**Instructions to follow**
Take every line from the listing below that contains "Nike".

+-------+

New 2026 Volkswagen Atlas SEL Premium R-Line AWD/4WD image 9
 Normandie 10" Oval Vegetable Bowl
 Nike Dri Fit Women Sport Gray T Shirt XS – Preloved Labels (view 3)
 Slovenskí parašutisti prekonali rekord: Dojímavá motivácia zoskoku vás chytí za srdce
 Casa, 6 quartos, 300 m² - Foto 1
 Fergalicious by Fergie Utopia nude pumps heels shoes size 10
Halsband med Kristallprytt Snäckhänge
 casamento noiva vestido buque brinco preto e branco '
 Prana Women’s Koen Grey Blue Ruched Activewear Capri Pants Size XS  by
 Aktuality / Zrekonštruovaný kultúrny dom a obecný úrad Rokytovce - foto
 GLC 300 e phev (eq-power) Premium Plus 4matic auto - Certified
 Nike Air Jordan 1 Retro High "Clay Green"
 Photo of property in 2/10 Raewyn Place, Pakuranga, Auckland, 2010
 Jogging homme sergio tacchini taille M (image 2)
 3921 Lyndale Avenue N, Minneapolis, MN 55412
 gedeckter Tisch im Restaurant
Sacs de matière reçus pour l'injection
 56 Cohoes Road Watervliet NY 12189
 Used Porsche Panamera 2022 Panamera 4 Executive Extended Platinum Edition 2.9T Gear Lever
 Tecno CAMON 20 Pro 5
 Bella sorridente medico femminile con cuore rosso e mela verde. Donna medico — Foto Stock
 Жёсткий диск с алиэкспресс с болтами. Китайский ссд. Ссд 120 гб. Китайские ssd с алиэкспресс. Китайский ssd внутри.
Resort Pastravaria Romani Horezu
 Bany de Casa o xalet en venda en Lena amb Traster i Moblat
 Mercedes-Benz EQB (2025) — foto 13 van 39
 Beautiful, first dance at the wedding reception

+-------+

**Answer below**
 Nike Dri Fit Women Sport Gray T Shirt XS – Preloved Labels (view 3)
 Nike Air Jordan 1 Retro High "Clay Green"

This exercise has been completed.